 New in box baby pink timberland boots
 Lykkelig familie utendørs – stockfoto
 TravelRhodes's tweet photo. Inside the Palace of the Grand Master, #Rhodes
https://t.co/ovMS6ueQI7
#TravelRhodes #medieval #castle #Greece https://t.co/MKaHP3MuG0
---
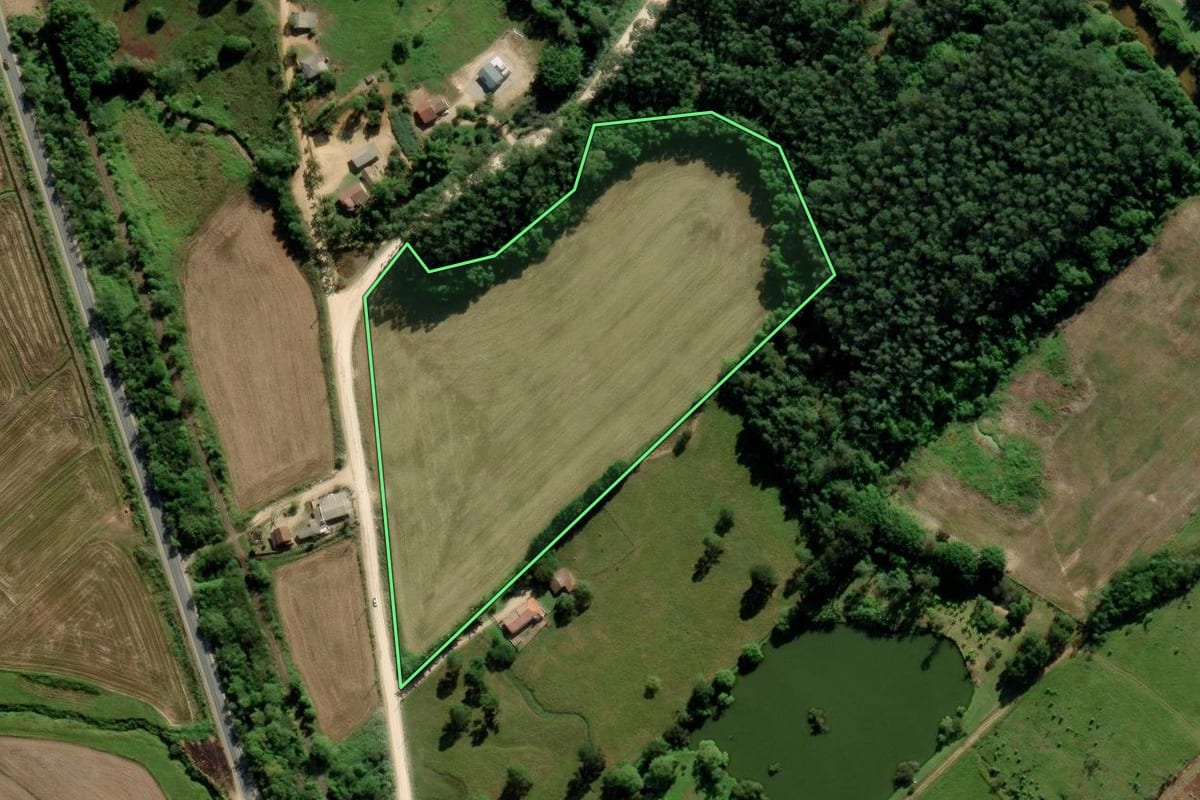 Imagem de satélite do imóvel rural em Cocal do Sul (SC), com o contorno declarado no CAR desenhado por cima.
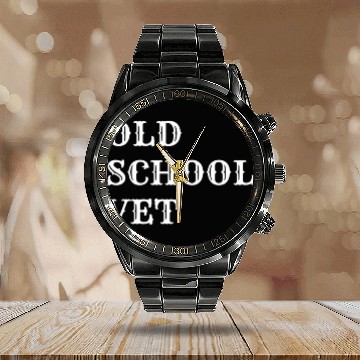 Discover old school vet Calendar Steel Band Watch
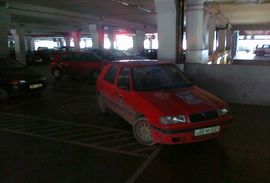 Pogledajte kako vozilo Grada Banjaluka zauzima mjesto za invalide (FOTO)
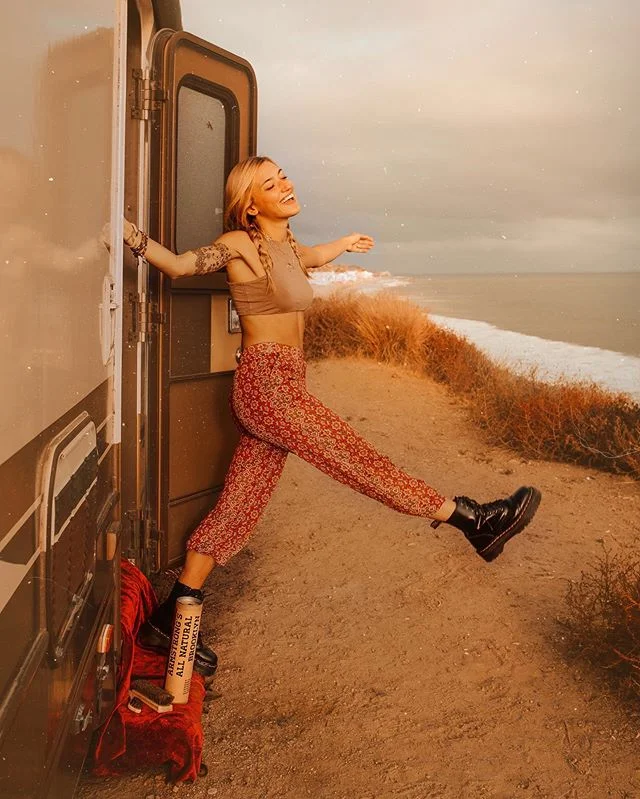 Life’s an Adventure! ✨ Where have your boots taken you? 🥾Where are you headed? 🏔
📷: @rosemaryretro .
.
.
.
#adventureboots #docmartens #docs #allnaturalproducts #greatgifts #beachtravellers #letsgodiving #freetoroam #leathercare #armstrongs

**Problem to work on**
Now copy each line of the entries that mentions "TravelRhodes".

**Response area**
 TravelRhodes's tweet photo. Inside the Palace of the Grand Master, #Rhodes
#TravelRhodes #medieval #castle #Greece https://t.co/MKaHP3MuG0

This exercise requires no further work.